If you gather all votes for restriction of the post count,no matter in which sections,you will see that there are more people who are against "everywhere" ....


----------



## Gil-Galad

> Bars and Inns-452.37
> The Green Dragon-73.41
> The Ivy Bush-106.86
> The Golden Perch-46.83
> The Prancing Pony-32.68
> The Forsaken Inn-59.25
> Stuff and Bother-800.09 ( )



That's some statistical info from here: http://www.thetolkienforum.com/showthread.php?p=455353#post455353 

So even now the off-topic sections are the ones with most posts and etc. The question iso we,our moderators,and administrators-Ivan,Mike and Dave want to see more and more off-topic instead of Tolkien stuff,by making the post count everywhere????

This analysis shows pretty good that the main purpose of the TTF and a huge amout of the members here has changed  ....obviosly it is not discussing/reading things about Tolkien and his world,but having a nice chit-chatting time.....


----------



## Firawyn

@ Gil -

I really don't think there is a question of statistics. If you want to get technical about that, then look at how much MORE posts are Tolkien discussions now that the movie fan freakazoids have all but left.


----------



## HLGStrider

I really have never believed posting rates change in forums dramatically when you put a post count on them. People post where they want to post, post count or no post count. They aren't going to alter their behavior because of it.

The only difference is, of course, the occasional person who would spam to get to the 100 post avatar limit. This was always obviously intentional.


----------



## Gil-Galad

HLGStrider said:


> I really have never believed posting rates change in forums dramatically when you put a post count on them. People post where they want to post, post count or no post count. They aren't going to alter their behavior because of it.


So,if they are not going to alter it,why to stimulate them even more?This amout of off-topic posts is more than enough-why to stimulate the more posting there?

Keeping the way it was -no count in the off-topic,for sure will not have a stimulating effect...... .


----------



## HLGStrider

The point of my post is that it will not stimulate it, so don't worry about it.

We have always had post counts (in my time here), and I still think they are fun.
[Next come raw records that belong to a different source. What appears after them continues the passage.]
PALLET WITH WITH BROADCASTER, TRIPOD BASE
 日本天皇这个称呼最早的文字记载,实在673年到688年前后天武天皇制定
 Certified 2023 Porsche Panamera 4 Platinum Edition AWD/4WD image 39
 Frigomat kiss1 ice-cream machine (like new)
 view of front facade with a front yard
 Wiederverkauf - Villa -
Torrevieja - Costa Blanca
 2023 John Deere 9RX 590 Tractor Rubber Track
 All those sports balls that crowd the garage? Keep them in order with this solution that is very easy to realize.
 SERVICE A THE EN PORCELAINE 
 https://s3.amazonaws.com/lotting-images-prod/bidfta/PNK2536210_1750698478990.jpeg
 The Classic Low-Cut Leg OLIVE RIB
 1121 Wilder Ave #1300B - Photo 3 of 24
I check them minimally now because there are fewer people to compare to and it sort of became "improper" to brag/joke/tease about post counts.


----------



## Firawyn

HLGStrider said:


> The only difference is, of course, the occasional person who would spam to get to the 100 post avatar limit. This was always obviously intentional.



That rule is a load of **** anyhow. Take it away, and you have no problem.


----------



## HLGStrider

I have been told that one of the reasons for it is because there was a form of spam going on once to sign up a member with an obscene avatar and then spam the board with it. I don't believe this has ever happened however.


Of course, Avs aren't that important to me. I resisted getting one when they were introduced.


----------



## Wolfshead

HLGStrider said:


> I have been told that one of the reasons for it is because there was a form of spam going on once to sign up a member with an obscene avatar and then spam the board with it. I don't believe this has ever happened however.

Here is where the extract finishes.